I just spent some time out at Easter Jeep Safari in Moab, Utah, playing around on severe off-road terrain. It’s amazing the kinds of obstacles a properly set-up vehicle equipped for extreme usage can negotiate. The vehicles range from stock, to highly modified, with huge tires, suspension redesigns for improved articulation and ground clearance, as well as stronger axles and body modifications. The variations are highly personalized, but are generally based upon the iconic Jeep Wrangler. The Wrangler traces its heritage back to WWII and has served as the off-road vehicle of choice for many years. It is probably the most highly re-engineered vehicle on the planet.
All the activity around this event got me thinking about how vehicles are being engineered and to what goals and expectations. We can talk about business goals and marketing and engineering, and we can talk about customer expectations; and then we can talk about how the business aspects connect to customer expectations.
This can spiral into quite a complicated drama. Should we limit this discussion to the new vehicle sale and the original buyer? Or should we think about the vehicle’s extended life, like the Wrangler experiences? Some vehicles are simply bought, used and discarded. Others are ‘keepers’ way past the typical 10 or 12 years of life. How does this affect engineering and testing?
As we strive to get a handle on this drama, engineers ponder and discuss duty cycles and work to establish documented testing regimes that are supposed to simulate expected life usage. Duty cycles are basically answers to the six fundamental questions of customer usage: who, what, when, where, why and how. The expectation is that once duty-cycle tests are properly established and passed, customer expectations will be satisfied.
We must know the customer to establish duty cycles. The trouble starts when you embark on quantifying the customer. How should it be done? Statistically? Percentage-based? Maximums? Medians? Averages? A range of users exists, from gentle to downright hostile. And in what part of the globe will the vehicle operate, what weather and corrosion conditions? Vehicles are prevalent across all continents excluding Antarctica, hence a broad range of environments may need to be considered. And what do we expect as a vehicle lifetime? 10 years? 20 years? 100,000 miles? 200,000 miles? First owner? Multiple owners? While the warranty lasts?
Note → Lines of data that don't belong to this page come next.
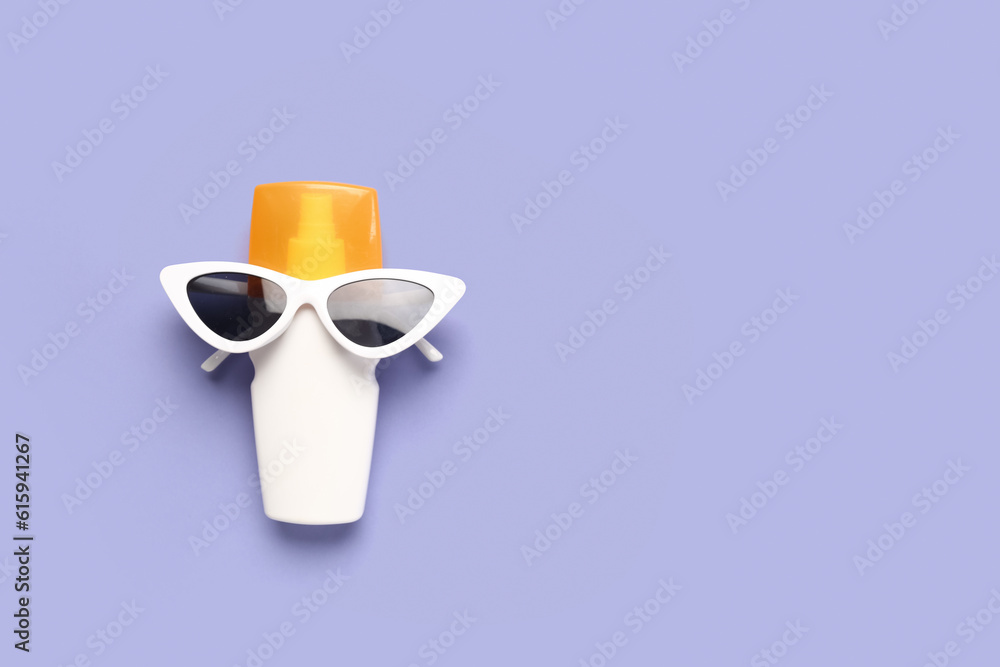 Creative composition with sunglasses and bottle of sunscreen cream on lilac background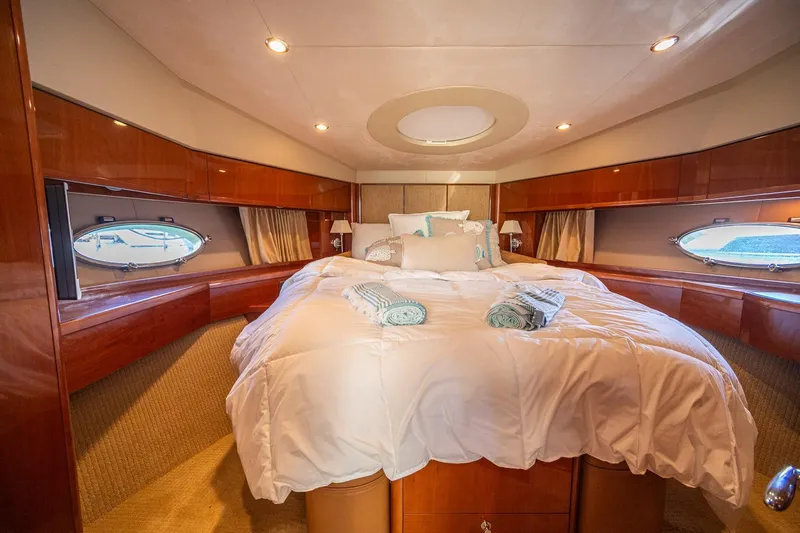 Ahdorned Yacht Photos Pics Luxurious 2009 Princess F54 yacht bedroom with elegant wood paneling and plush bedding.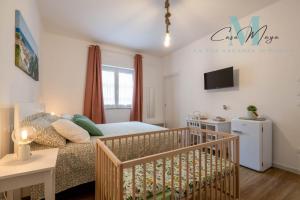 Postel nebo postele na pokoji v ubytování Casa Maya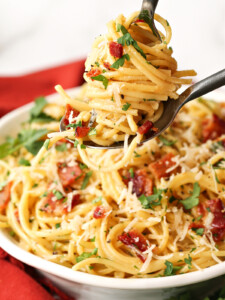 pasta carbonara twirled on a fork and spoon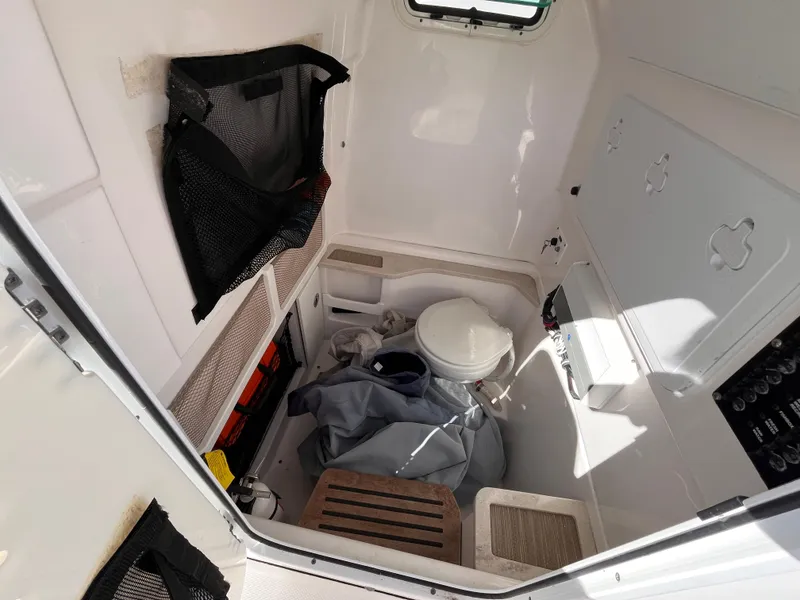 Slide: The Image of Interior of 2017 Everglades 273 Center Console boat with storage and toilet. - 14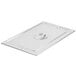 A Vollrath stainless steel lid on a tray.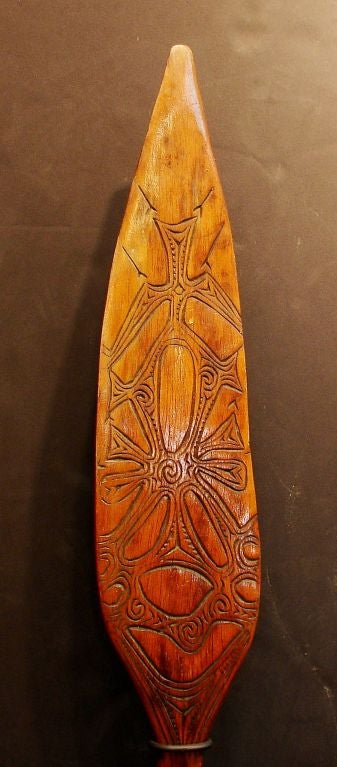 Based on canoe paddles, these are most likely ceremonial dance paddles.
Two similar ones from the Humboldt Bay/Lake Sentani area, Irian Jaya, with carved abstract zoomorphic bird forms on both sides, later varnished. The other more slender and less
Many possible approaches to defining a duty cycle could be taken. No matter how logically and statistically driven the effort is, it is always based upon levels of assumptions that are key drivers of the conclusions reached. It’s amusing how a study of a complicated subject requiring much wandering and floundering is ultimately presented as a logical and sequential progression to a solution.
Alongside the customer-driven challenge we can add commercial pressures to the equation. A cost-benefit analysis (CBA) might reveal a desire to satisfy the customer, with not a penny more of added expense. Why waste corporate resources and dollars on poor business practice?
It’s clear then, that the duty cycle question needs to be examined from many different viewpoints before a decision is made on what to do. Considerable meditation, judgment and historical experience are required to pull together a reasonable duty cycle. No canned or analytical formula is enough to produce a rational, satisfactory conclusion.
There is also brand image to consider. If it is strong in the area of durability or performance, will the new vehicle survive when driven as presented in advertising and media? Have we started whittling away brand strength by applying too much CBA to setting duty cycle expectations?
Fringe customers use the vehicles harder whether for a trackday or off-road in Moab. Examples of actual experience compared with brand positioning and expectations come to mind: frames that bent upward during desert driving; axles that bent and broke; engines that overheated or lost oil pressure during a trackday; or a general loss of vehicle reliability with new models. Sure, we can dismiss fringe usage as outside the warranty, but hasn’t the customer bought the car with expectations of using it as presented and because of the manufacturer’s reputation? What’s the long-term impact on brand posturing and reputation?
Some OEMs require their performance models to survive 24 hours of continuous track duty. Kudos to such dedication! The customer’s experience supports such claims and hence brand reputation is enhanced.
We might conclude that fringe customer usage and experience has a multiplication factor associated with it in establishing brand reputation and customer respect. Is this factored into business analysis and practice? After all, should not duty cycles be used to verify product performance and to enhance brand reputation?